From the line with "Anthropologie two piece" through the line with "Games in Olympus", inclusive, return each line of the data below exactly and leave the rest out.

### Dataset records
────────────────
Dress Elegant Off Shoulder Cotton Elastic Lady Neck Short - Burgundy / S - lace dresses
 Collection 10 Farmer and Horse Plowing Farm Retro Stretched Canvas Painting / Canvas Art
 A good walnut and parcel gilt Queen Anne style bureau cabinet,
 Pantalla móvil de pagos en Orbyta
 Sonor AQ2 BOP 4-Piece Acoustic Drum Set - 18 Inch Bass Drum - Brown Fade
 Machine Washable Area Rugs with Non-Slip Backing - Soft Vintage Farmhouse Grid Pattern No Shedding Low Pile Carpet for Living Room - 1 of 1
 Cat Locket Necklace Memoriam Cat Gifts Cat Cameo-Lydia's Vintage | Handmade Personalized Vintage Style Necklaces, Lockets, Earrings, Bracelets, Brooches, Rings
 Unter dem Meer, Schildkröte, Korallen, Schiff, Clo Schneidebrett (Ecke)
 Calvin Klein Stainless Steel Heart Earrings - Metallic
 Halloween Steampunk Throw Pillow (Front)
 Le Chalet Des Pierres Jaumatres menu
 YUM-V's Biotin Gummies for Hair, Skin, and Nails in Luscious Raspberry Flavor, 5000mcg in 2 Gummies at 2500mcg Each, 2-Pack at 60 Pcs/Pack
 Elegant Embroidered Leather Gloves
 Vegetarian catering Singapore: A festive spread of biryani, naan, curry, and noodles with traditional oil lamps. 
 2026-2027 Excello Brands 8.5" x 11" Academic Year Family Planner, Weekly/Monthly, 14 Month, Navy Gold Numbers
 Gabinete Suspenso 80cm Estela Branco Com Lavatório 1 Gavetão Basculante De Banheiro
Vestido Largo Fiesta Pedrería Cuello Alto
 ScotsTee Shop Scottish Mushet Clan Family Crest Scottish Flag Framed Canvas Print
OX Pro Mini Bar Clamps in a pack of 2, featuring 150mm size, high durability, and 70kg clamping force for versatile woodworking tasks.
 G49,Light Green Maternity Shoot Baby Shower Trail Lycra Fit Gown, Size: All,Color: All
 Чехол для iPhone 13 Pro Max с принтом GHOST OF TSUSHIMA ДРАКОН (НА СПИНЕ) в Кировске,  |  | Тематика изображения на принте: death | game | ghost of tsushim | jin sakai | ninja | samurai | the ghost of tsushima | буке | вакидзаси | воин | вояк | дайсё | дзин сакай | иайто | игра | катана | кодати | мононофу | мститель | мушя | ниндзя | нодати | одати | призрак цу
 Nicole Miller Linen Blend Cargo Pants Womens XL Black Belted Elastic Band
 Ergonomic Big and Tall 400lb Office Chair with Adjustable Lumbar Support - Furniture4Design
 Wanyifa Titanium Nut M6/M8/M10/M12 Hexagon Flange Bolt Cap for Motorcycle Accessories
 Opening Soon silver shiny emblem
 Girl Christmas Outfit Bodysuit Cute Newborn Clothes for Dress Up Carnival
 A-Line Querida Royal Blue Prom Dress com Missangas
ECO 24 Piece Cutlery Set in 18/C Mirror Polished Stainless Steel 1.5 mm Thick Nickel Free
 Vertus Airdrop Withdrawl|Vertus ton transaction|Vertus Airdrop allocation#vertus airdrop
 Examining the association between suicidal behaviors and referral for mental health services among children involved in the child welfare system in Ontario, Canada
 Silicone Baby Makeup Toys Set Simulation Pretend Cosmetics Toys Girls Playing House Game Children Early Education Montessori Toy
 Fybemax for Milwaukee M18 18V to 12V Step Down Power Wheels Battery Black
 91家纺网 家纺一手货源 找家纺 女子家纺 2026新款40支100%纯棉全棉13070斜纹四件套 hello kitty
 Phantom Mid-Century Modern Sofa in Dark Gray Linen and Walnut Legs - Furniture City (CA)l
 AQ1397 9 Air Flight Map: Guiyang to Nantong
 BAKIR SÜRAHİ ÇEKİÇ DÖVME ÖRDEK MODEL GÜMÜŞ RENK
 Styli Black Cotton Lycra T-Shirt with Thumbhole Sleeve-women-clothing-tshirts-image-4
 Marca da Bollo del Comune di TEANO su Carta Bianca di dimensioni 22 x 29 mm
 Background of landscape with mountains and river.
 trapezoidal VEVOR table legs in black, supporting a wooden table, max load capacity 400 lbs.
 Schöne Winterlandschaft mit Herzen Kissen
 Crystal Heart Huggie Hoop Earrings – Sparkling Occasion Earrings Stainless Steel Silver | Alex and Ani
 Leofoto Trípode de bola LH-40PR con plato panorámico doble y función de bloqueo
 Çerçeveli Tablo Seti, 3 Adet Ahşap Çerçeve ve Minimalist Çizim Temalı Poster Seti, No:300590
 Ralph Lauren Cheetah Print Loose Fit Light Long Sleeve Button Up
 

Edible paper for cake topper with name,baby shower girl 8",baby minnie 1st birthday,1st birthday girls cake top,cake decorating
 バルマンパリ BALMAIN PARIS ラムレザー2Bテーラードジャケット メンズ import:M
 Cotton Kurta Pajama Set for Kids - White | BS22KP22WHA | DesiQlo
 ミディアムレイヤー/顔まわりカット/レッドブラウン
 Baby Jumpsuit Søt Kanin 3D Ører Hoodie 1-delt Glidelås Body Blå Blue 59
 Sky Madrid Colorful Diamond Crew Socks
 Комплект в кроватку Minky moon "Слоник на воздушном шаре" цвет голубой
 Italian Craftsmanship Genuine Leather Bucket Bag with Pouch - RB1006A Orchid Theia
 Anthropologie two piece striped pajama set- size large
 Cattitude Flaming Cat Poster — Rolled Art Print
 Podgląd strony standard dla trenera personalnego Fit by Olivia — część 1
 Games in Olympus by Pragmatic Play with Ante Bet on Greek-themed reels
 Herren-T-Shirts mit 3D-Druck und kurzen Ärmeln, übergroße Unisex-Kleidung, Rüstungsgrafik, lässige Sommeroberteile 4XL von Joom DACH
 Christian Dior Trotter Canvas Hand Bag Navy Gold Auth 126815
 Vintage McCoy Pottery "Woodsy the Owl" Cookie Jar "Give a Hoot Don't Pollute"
────────────────
### Written answer
 Anthropologie two piece striped pajama set- size large
 Cattitude Flaming Cat Poster — Rolled Art Print
 Podgląd strony standard dla trenera personalnego Fit by Olivia — część 1
 Games in Olympus by Pragmatic Play with Ante Bet on Greek-themed reels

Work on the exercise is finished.